A brand is a story. It tells us something about the company behind the products we use, and ride.
When I break tradition by not branding my bike in a certain way, I’m telling a different kind of story. Or I’m asking a different set of questions.
Why can’t we have a Brand of One?
What is the Primary Concern, and what is Digression?
In the world of hand made bicycles, brand identity is a builder’s reputation. I have to work hard to build the best bicycles I can, and I have to stay true, and pay attention to every detail, from raw material to final, rolling product — this is what makes my name what it is.
What about one-off bikes, artifacts of their own classification? A brand digression, outside the norm.
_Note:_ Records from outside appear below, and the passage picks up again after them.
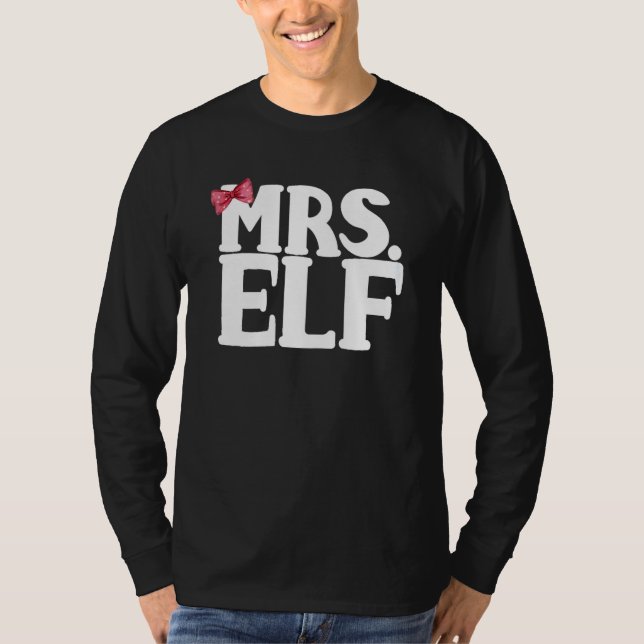 T-shirt Mme Elfe  M Elfe  Accouplement de couples de Noël (Devant)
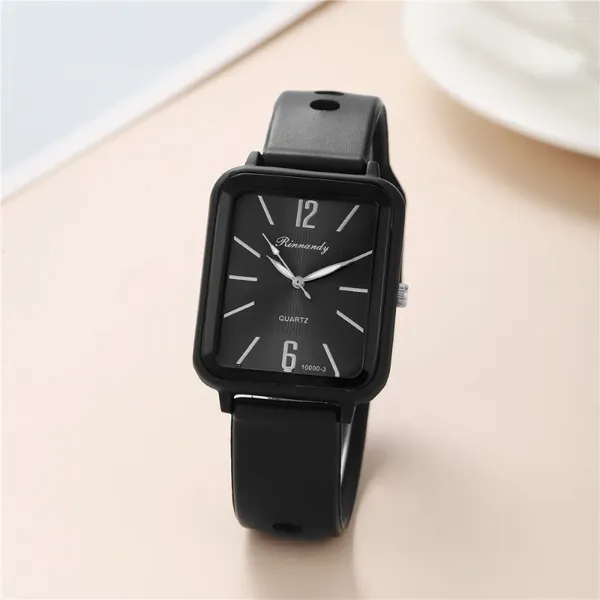Mujeres de pulsera Damas Fashion 2023 Black Square Digital Quartz Watch Store de silicona casual Strap Reloj Wall Winbatch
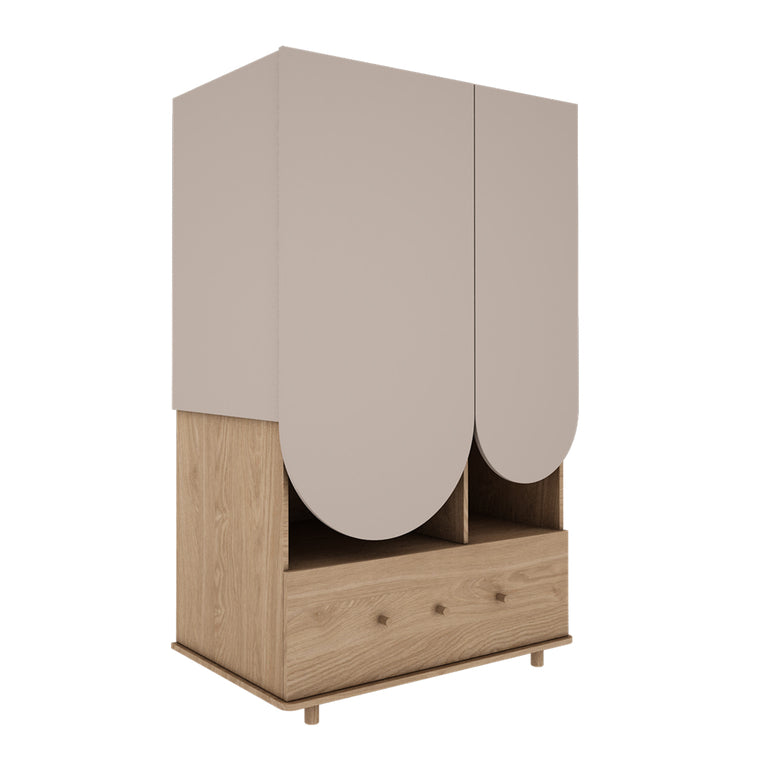 Armoire 2 portes 1 tiroir Wood Luck Bloom - Cachemire et Bois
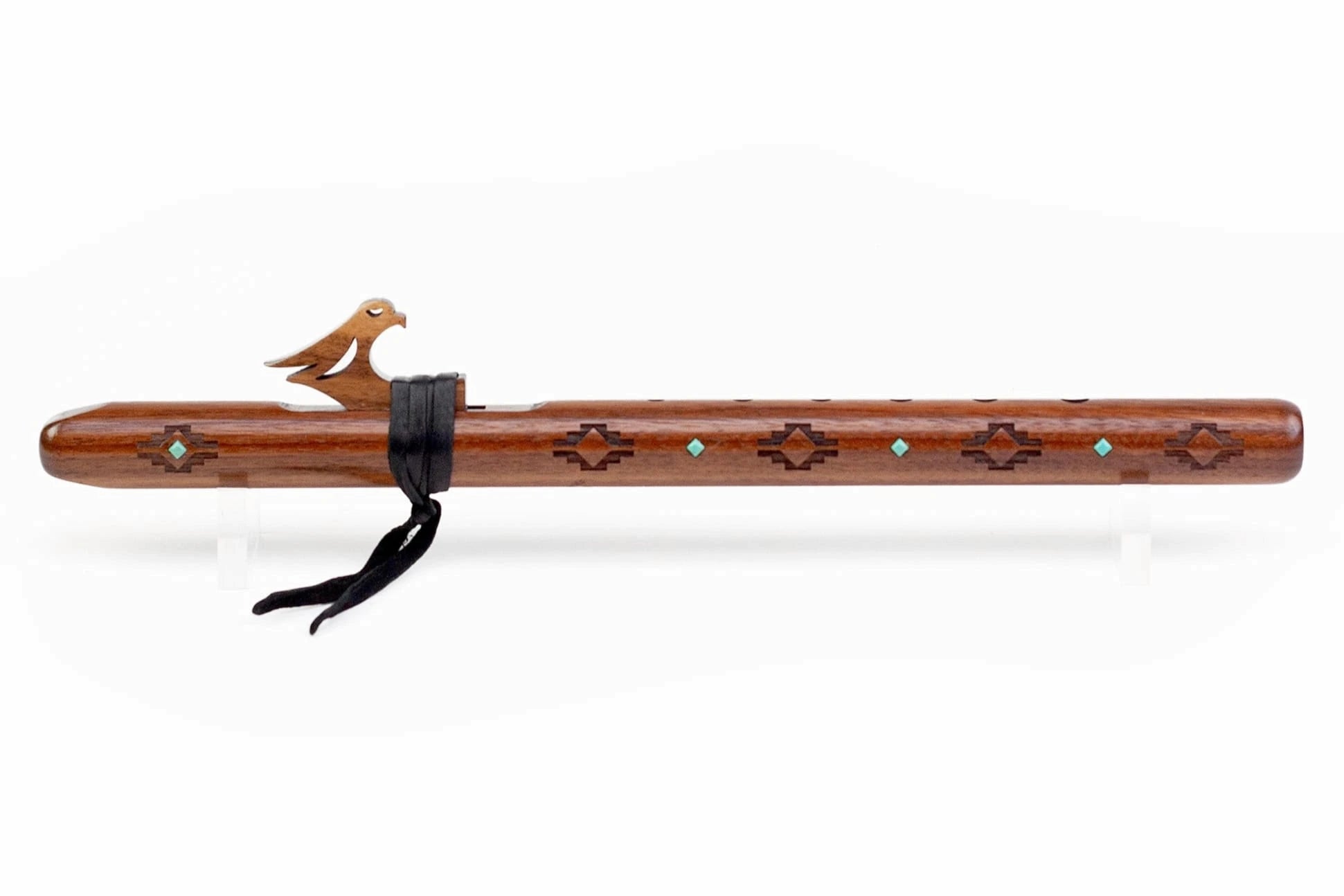 High Spirits Kestrel Signature High D flute with turquoise inlay on walnut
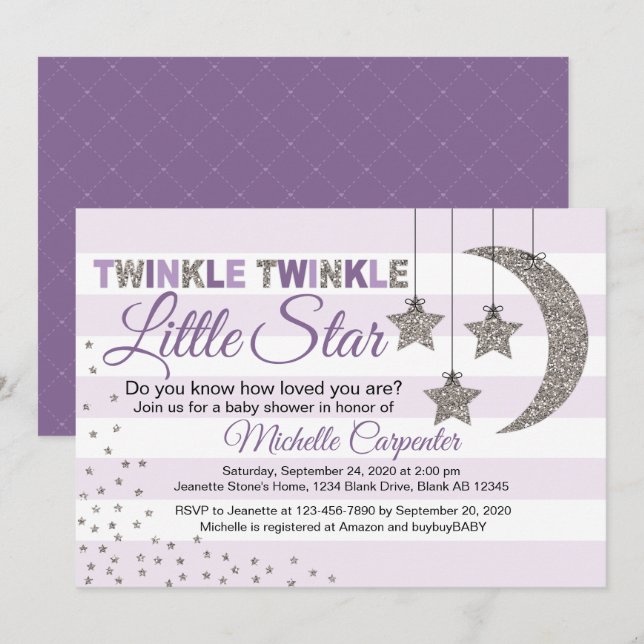Twinkle little star baby shower invitation girl (Front/Back)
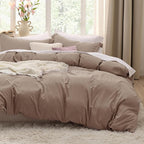 Bedsure Khaki Oversized King Duvet Cover - 3 Pieces Prewashed Cotton-Like Polyester Extra Soft Bedding Set, Includes 1 Duvet Cover 120x98 Inches with Zipper Closure & 2 Pillow Shams, No Comforter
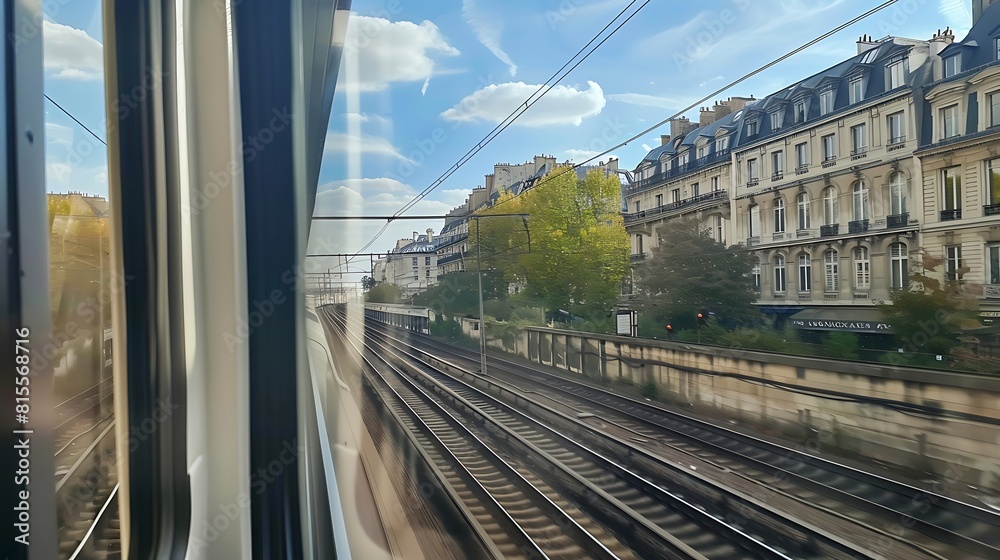 Fototapeta premium View from the train window to the railway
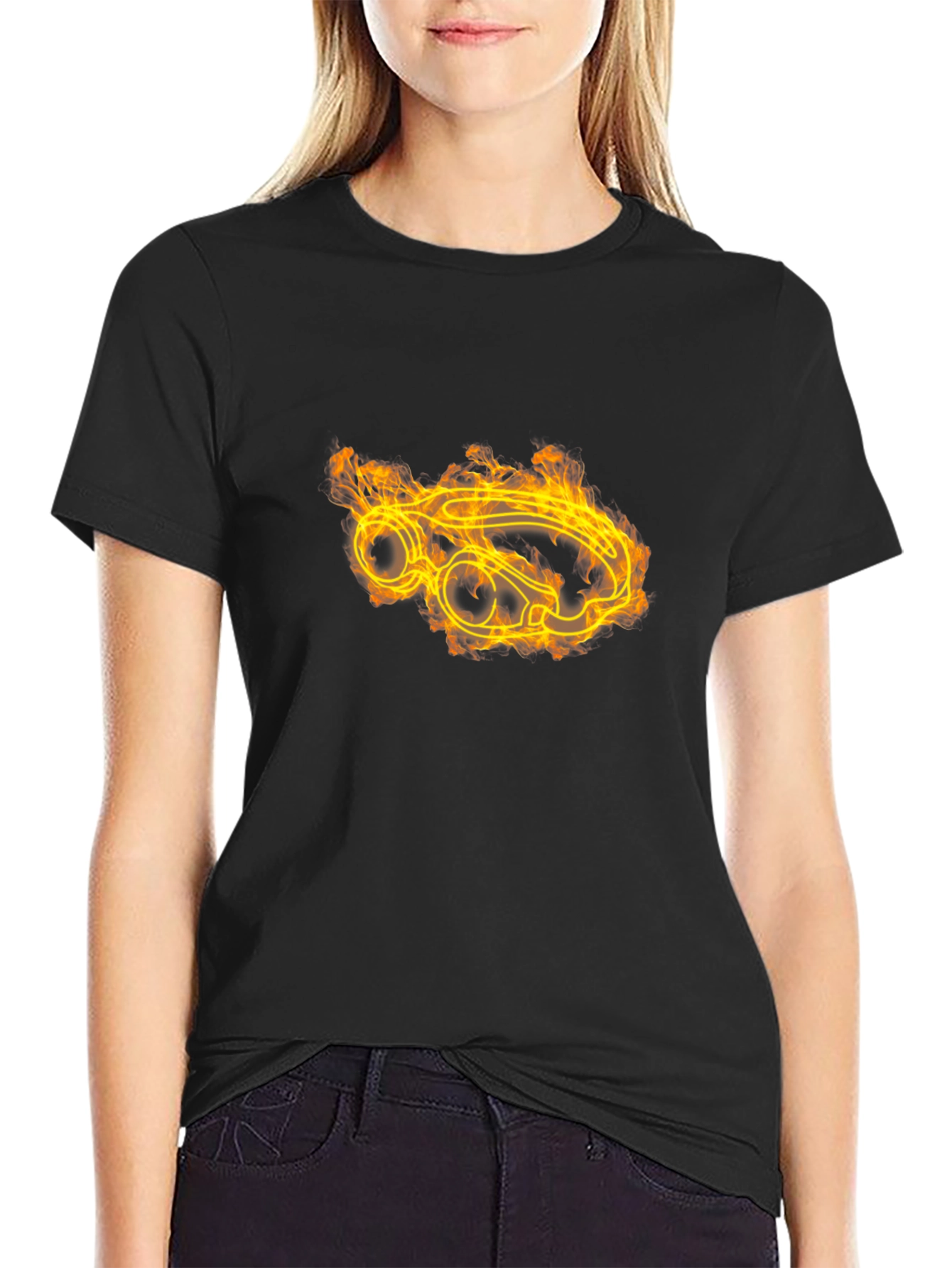 Flame Car Graphic Tee - Bold Black T-Shirt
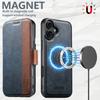 SUTENI Q-07 For iPhone 17 Case Magnetic Color Splicing Cowhide Texture Leather Cover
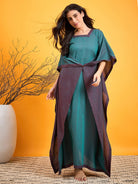 The Kaftan Company Nightdress Purple N Blue Draped kaftan Night Dress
A stand-alone piece. How do we separate, to some degree, the builder from the bike? Not a prototype, but a fully formed idea that starts and ends in one moment; it goes out into the world with a totally unique identity.
I think there should be a place in the world for such artifacts. Especially in the world of bicycles.
Staying within tradition shows respect, and implies there’s integrity that goes beyond the individual object, connecting this bicycle to all the bicycles that came before it.
But, I made this by hand. It is unlike any other bicycle in the world.
It is; and then again, it isn’t.
When does following tradition stifle a person’s creativity? When we build bikes, are we meant to be creative, or just crafty? They say everything has already been done. Why, then, would I try anything new, if I believed nothing new existed?
Tradition implies limitation. A set of parameters within which we are expected to stay. Who wrote the rulebook, anyway? Why shouldn’t I amend it, make it my own? Wouldn’t this exploration help me define my own relationship to tradition?
I’m a bike person; I want freedom.
I don’t ride bikes because I want to stay on the main roads.